Second, MCL 479.21(1) is more broadly worded than its construction counterpart. In MCL 691.991(1), there must be an indemnification provision that purports to indemnify the promisee for its ‘sole negligence’ to be void as against pub­lic policy. However, in MCL 479.21(1), the indemnification provision does not have to be contained in the agreement, it can be collateral to or affecting a contract that purports to indemnify the promisee for its negligent or ‘intentional’ acts. Note also that MCL 479.21(1) specifically includes inten­tional acts, while MCL 691.991(1) only refers to negligence, bringing in a broader array of the types of claims that cannot be indemnified.

Intermodal Contracts are Excluded from MCL 479.21

Another important aspect for a practitioner to keep in mind is whether the contract at issue actually qualifies as a “motor carrier transportation contract.” MCL 479.21 contains certain exemptions. Subsection (2) exempts “uniform intermodal in­terchange and facilities access agreement administered by the intermodal association of North America or other agreements providing for the interchange, use, or possession of intermodal chassis or other intermodal equipment.”

“Intermodal” means that two or more methods of trans­portation are used, such as trucking and rail. Essentially, this means that if the contract does not solely concern motor carri­er transportation, then the sole negligence provision does not apply to the contract. This could limit the effectiveness of the statute as many transportation companies utilize intermodal interchange strategies, especially given a globalized economy.

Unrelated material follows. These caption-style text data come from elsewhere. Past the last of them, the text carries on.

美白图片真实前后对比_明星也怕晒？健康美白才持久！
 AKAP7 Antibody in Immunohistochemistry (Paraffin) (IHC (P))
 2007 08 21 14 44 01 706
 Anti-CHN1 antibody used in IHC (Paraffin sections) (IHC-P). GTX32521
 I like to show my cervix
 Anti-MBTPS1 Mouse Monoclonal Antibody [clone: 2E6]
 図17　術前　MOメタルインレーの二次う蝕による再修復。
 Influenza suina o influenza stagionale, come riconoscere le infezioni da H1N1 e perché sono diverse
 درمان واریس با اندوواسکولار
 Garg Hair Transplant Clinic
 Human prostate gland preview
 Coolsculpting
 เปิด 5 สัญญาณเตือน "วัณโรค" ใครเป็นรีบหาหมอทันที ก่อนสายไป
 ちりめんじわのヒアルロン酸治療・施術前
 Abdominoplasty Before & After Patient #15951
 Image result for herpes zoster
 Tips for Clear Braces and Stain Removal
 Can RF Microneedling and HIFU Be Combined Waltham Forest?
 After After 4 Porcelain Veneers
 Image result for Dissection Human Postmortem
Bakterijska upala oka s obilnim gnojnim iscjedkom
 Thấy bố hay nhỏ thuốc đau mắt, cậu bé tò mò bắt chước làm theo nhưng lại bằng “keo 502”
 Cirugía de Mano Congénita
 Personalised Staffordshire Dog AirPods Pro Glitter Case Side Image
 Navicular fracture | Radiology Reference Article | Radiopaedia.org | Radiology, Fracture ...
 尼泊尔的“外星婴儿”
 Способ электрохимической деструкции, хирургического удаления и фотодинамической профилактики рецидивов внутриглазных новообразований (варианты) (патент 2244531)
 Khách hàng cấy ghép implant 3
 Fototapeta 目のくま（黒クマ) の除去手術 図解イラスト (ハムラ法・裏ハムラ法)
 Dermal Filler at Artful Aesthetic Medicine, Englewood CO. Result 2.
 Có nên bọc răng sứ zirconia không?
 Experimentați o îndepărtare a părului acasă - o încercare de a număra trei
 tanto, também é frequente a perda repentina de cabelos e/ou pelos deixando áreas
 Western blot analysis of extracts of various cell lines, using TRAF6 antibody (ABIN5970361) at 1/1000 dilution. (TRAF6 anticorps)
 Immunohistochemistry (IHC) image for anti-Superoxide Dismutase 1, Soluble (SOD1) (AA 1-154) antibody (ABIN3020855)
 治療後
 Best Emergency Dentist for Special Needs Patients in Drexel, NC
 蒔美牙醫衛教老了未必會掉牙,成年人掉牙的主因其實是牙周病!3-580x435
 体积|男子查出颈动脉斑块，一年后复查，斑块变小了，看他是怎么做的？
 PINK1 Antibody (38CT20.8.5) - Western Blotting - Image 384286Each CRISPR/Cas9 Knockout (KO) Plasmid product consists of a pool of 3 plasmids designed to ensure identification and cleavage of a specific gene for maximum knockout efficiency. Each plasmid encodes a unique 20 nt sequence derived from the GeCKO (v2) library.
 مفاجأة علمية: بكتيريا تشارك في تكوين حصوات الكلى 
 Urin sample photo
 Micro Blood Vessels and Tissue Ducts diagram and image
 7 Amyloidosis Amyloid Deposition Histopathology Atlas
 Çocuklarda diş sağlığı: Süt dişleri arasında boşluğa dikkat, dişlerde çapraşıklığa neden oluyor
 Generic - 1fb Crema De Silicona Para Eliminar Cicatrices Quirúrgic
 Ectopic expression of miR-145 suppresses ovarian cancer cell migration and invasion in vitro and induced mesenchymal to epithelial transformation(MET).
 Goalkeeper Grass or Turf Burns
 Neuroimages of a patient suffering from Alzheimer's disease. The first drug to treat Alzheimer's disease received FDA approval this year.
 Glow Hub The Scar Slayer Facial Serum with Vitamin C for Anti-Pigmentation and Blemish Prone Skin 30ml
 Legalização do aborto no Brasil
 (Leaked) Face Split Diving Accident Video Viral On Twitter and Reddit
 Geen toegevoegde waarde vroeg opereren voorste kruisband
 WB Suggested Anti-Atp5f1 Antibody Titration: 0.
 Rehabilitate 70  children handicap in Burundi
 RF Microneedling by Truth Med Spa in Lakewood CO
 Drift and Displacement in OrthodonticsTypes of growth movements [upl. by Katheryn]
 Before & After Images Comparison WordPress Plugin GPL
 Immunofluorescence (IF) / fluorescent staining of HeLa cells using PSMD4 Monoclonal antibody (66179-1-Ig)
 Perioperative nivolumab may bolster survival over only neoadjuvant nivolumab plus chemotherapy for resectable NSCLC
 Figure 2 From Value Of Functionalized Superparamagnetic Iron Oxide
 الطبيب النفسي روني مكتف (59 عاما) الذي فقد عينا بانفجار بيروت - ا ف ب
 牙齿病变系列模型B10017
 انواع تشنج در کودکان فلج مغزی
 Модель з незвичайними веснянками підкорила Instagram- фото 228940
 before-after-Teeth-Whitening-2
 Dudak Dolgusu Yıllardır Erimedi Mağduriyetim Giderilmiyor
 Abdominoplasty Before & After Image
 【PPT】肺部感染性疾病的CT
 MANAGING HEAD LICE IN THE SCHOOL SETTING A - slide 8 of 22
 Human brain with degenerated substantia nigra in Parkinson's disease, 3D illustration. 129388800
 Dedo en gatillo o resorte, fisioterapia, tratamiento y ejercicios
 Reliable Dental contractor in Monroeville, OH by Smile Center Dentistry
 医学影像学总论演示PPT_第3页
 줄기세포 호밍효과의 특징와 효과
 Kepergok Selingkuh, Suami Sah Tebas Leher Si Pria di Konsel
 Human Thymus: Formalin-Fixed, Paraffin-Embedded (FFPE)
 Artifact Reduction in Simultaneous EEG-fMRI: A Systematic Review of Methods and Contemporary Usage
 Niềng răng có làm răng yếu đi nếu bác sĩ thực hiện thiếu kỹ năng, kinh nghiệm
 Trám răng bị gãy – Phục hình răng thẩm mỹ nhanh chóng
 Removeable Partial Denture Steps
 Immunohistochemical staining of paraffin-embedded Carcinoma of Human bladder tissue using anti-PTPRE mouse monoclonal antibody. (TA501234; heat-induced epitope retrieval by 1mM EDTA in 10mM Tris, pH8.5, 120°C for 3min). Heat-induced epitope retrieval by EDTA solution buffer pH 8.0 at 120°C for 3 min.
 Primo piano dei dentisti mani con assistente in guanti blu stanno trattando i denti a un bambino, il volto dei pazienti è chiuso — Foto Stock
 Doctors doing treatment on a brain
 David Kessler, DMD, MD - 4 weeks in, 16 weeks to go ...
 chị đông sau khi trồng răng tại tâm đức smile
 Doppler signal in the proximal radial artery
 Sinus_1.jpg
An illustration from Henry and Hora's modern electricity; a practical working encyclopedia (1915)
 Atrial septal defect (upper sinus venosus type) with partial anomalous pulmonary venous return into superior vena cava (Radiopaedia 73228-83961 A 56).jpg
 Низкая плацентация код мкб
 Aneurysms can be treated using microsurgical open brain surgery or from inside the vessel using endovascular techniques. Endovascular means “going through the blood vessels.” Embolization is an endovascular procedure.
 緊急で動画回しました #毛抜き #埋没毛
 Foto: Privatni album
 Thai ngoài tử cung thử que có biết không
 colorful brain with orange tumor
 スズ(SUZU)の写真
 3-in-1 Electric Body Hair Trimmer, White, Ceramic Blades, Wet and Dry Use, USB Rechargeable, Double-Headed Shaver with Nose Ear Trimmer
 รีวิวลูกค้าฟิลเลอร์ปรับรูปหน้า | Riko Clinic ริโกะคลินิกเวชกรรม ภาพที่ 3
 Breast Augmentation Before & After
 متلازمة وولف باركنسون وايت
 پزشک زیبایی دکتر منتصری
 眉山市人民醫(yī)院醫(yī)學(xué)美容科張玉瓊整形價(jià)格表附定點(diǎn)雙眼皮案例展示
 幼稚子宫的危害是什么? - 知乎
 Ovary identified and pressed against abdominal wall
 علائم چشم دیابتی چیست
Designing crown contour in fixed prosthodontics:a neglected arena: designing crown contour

MCL 479.21(3) provides certain statutory definitions of terms which should not be ignored in assessing whether this statute is applicable. A “motor carrier transportation contract” means a contract, agreement, or understanding for either “the transportation of property for compensation or hire by a mo­tor carrier” or “entrance on property by a motor carrier for the purpose of loading, unloading, or transporting property for compensation or hire.” It also qualifies if a service incidental to the aforementioned activities is part of the contract, such as the storage of property.

Definition of “Promisee”

The statute also defines “promisee” as a party who is not a motor carrier, or a party to the contract who is a motor carrier but is not transporting property for compensation or hire. The definition of “promisee” includes agents, employees, servants, and even independent contractors who are directly responsible to the promisee. The inclusion of independent contractors is an important distinction as it prevents a party from arguing that the negligent actions of an independent contractor are not those of the party. Transportation companies commonly utilize owner-operators, or semi-truck drivers who indepen­dently own and operate their tractors, to accomplish their logistical needs. However, the statute makes it clear that an operator’s independent contractor status does not exempt the motor carrier from the anti-indemnification provision.

Conclusion

MCL 479.21 is largely unknown and untouched by liti­gators and the courts, but the more developed guidelines set forth in MCL 691.991, and by the cases interpreting it, al­low us to better understand commercial vehicle contracts and protect our clients from void indemnity provisions. The stat­utes are similarly worded and likely share similar legislative intent; therefore, they are likely to be similarly interpreted. However, there are slight differences and unique carve-outs in MCL 479.21 to be mindful of, especially during the course of litigation.